I think many of our preachers are watering down the gospel instead of preaching the judgment of a holy God on all who refuse to repent of their wicked ways, we mostly promote the benefits of salvation like peace, joy and in some cases, even of financial freedom or prosperity.
In the book of Acts, Paul preached that “in the past God overlooked such ignorance, but now he commands all people everywhere to repent.” (Acts 17:30) Look at the verse again. God commands … He does not invite! People can and must be commanded to repent. Preaching the fear of God is very biblical. Maybe human preachers may “invite” people to faith in Christ but God Himself commands. Since we speak on God’s behalf, let’s command people to repent. Eternal destinies are at stake!

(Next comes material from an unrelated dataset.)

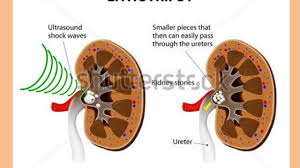 Dr Davis Lamson Nd Kidney Disease Kidney Stones Symptoms Kidney Cyst Kidney Disease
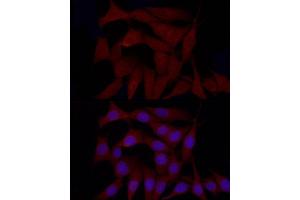 Immunofluorescence analysis of NIH/3T3 cells using SREBF1 Rabbit pAb (ABIN7270598) at dilution of 1:100 (40x lens).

Repentance involves a change of heart. But it is not enough just to “repent in the heart.” Jesus says: “Produce fruit in keeping with repentance.” (Luke 3:8) When Jonah warned the people of impending judgment, they repented. They expressed their repentance by serious fasting and even their king joined in by issuing a decree that all, including their livestock, must fast. They were really fearful of God’s wrath and prayed that perhaps by their fasting God may relent from destroying them.
The king and people of Nineveh must have been really sincere because Scripture tells us: “Then God saw their works, that they turned from their evil way; and God relented from the disaster that He had said He would bring upon them, and He did not do it.” God saw their works. People aren’t saved by works but by the grace of God. Yet it says that God saw their works. God saw their works of repentance. The people of Nineveh produced the fruit in keeping with repentance. God saw their works of repentance and did not destroy them.
Preacher, command your hearers to repent in order to avoid God’s judgment! Ask them to show the fruit of their repentance. Then, and only then, dare we to hope that God will relent and not destroy us all.